> Work instruction:
Read the listing and extract each line that includes the word "Gallery".

> Data for this exercise:
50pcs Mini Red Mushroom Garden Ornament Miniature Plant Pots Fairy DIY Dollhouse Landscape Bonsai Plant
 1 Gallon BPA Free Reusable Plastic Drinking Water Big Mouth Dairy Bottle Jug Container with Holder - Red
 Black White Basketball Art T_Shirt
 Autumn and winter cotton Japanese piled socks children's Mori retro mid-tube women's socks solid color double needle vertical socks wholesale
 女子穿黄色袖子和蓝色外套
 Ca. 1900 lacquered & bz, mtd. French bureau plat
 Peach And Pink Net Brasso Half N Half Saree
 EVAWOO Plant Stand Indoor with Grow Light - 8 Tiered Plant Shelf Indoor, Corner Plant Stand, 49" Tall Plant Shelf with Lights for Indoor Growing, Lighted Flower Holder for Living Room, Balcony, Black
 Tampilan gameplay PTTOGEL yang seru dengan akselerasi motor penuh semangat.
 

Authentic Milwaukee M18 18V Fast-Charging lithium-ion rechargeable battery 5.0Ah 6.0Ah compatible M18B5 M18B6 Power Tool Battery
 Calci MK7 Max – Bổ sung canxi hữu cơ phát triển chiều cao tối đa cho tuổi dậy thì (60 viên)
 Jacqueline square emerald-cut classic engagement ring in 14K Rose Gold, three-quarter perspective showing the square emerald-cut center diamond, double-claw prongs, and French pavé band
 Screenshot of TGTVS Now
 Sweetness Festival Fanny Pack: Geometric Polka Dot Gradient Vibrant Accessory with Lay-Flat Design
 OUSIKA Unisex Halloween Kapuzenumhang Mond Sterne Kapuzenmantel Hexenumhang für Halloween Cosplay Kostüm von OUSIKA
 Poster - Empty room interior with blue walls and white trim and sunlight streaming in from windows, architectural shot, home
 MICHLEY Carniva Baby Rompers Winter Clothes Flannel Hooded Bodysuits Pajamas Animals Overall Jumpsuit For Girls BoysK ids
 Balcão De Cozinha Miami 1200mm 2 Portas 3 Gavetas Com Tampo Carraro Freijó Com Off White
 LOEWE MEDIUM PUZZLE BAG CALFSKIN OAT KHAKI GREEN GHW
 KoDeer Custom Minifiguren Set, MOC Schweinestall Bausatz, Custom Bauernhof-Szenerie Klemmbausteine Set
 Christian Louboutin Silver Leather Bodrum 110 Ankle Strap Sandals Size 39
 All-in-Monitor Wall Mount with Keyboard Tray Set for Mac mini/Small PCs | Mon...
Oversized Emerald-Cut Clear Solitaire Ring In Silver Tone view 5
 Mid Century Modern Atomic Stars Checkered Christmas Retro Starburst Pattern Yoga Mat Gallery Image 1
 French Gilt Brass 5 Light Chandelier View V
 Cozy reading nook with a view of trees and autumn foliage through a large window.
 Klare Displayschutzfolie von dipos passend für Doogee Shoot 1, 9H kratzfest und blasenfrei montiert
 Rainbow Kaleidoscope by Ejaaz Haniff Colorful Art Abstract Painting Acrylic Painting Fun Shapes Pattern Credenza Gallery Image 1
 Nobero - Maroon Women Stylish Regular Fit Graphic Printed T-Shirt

> Problem solution:
 Mid Century Modern Atomic Stars Checkered Christmas Retro Starburst Pattern Yoga Mat Gallery Image 1
 Rainbow Kaleidoscope by Ejaaz Haniff Colorful Art Abstract Painting Acrylic Painting Fun Shapes Pattern Credenza Gallery Image 1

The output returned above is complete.